==== INFORMATION ====

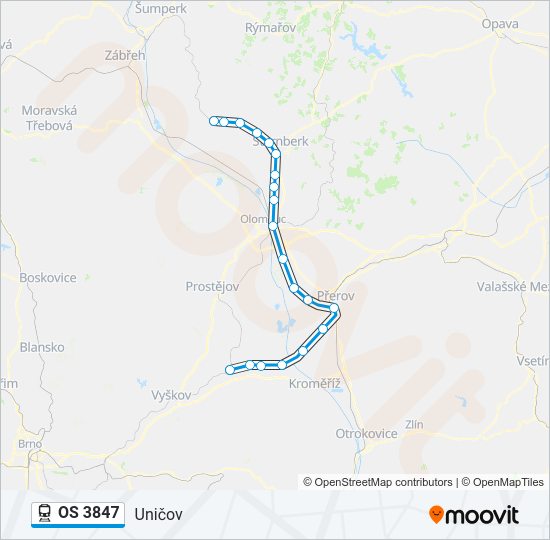 Поезд OS 3847: карта маршрута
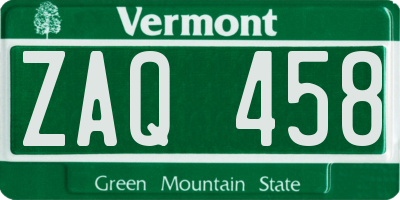 VT license plate ZAQ458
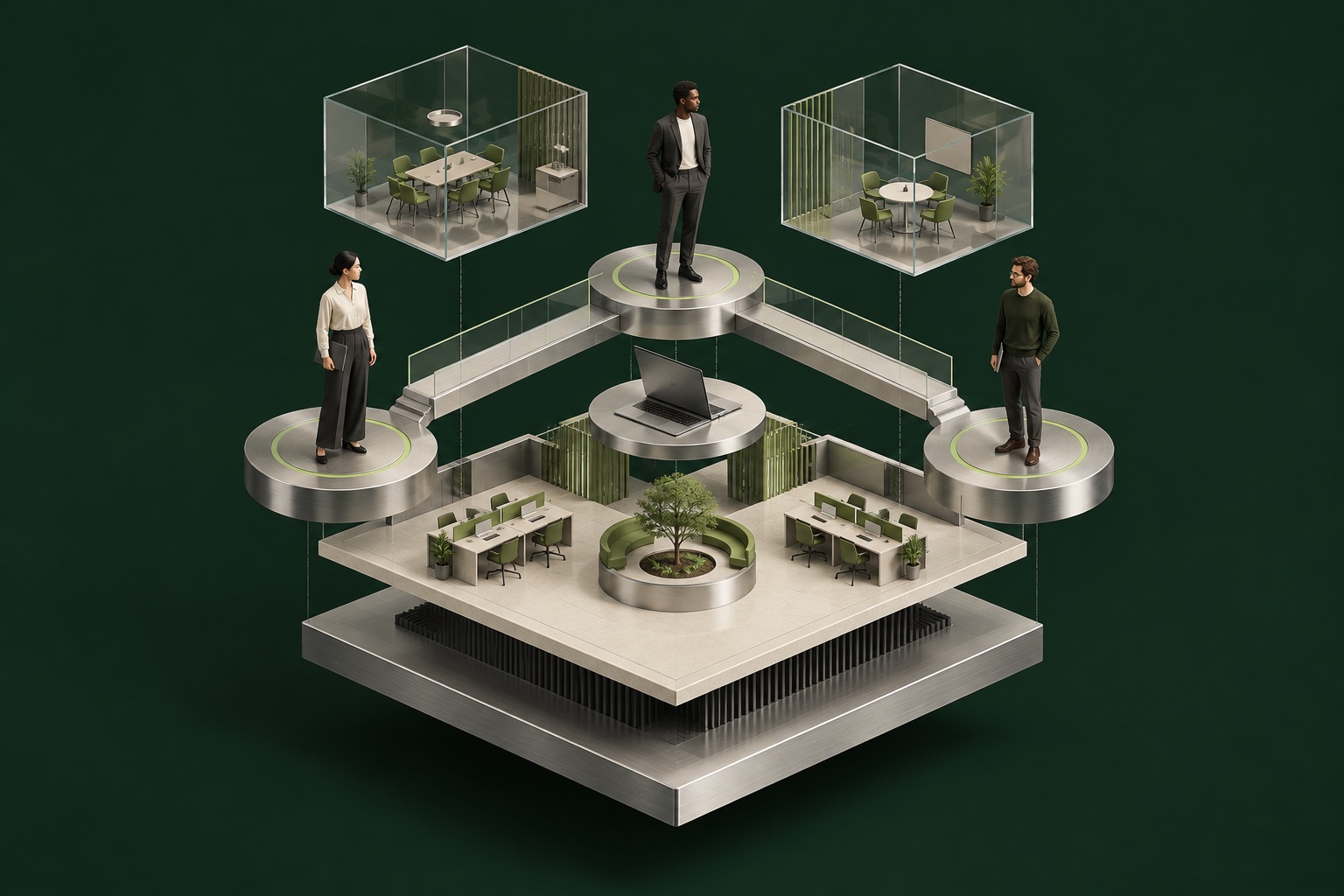 Illustration of connected professionals and floating workspaces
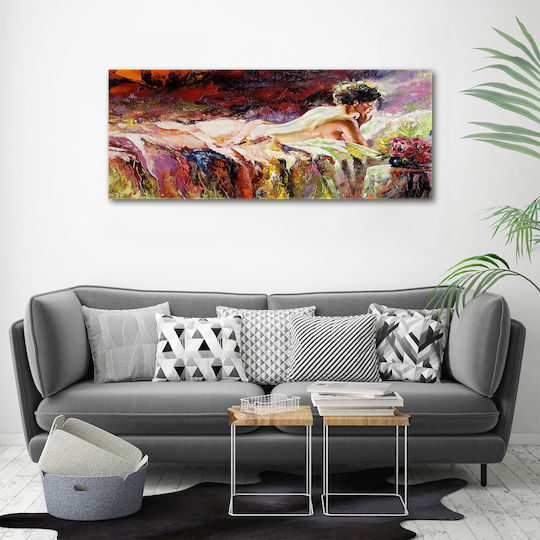 Gemälde Leinwand Innenraum Alltagsgebrauch Die Liegende Frau 125x50 cm Gemälde Leinwand Innenraum Alltagsgebrauch Die Liegende Frau 125x50 cm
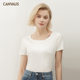 Basic mercerized cotton short-sleeved T-shirt for women with round neck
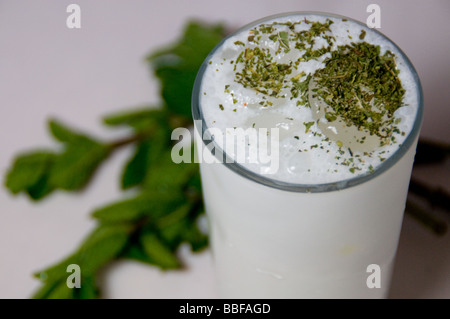 Bevanda turca, ayran, fatta di yogurt e acqua, popolare in Turchia Foto Stock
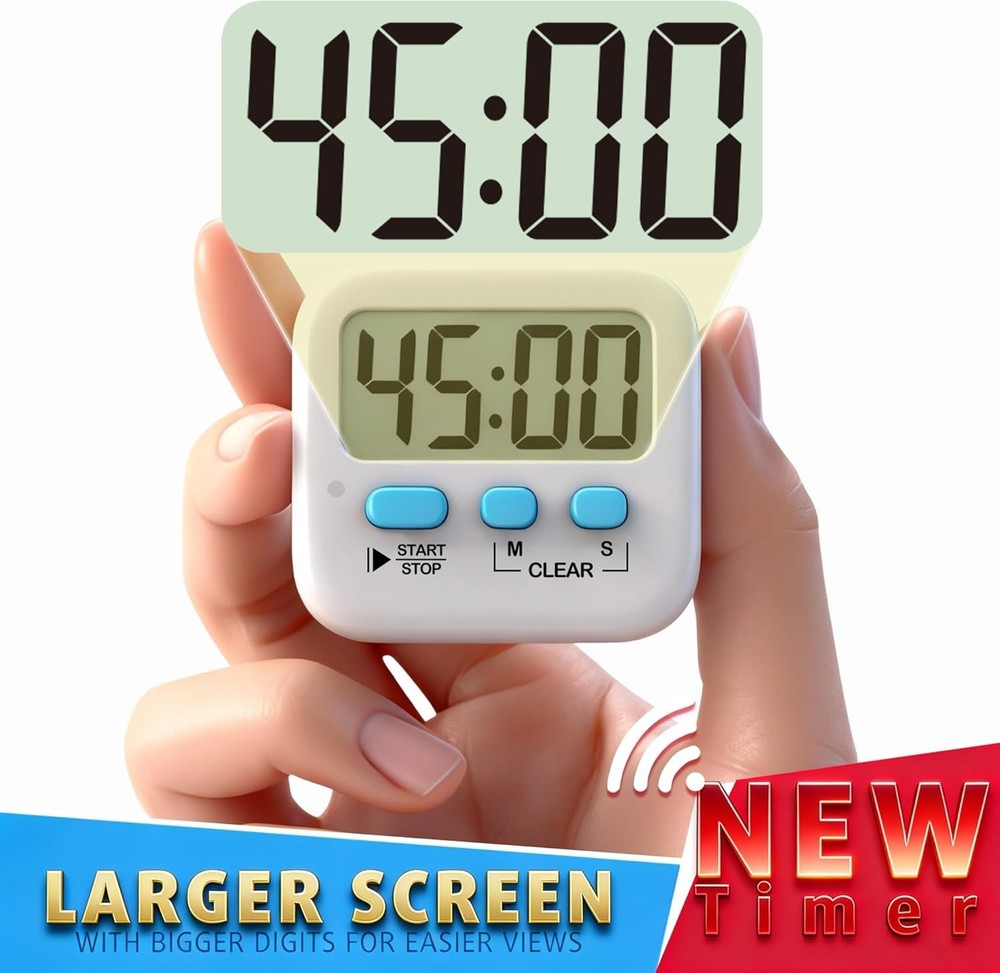 2 Pack Digital Timer for Kids, Magnetic Countdown Kitchen Timers for Cooking,...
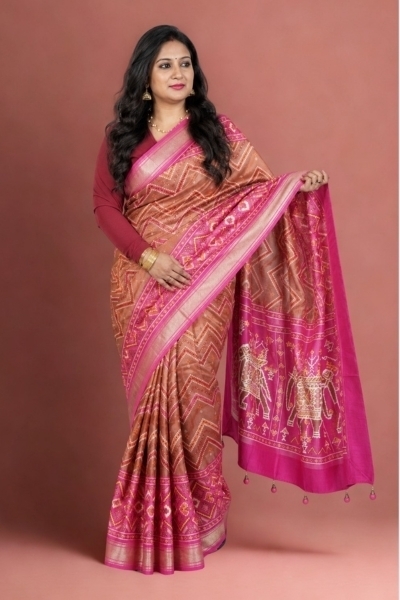 Picture of Malwari Patola Saree – Brown & Pink Color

====

WHAT THE EXERCISE ASKS
Please reproduce, exactly and only, the lines from the line containing "Basic mercerized cotton" through the last line of the material above, minus any pictures.

ANSWER SECTION
 Basic mercerized cotton short-sleeved T-shirt for women with round neck
 Bevanda turca, ayran, fatta di yogurt e acqua, popolare in Turchia Foto Stock
 2 Pack Digital Timer for Kids, Magnetic Countdown Kitchen Timers for Cooking,...
 Picture of Malwari Patola Saree – Brown & Pink Color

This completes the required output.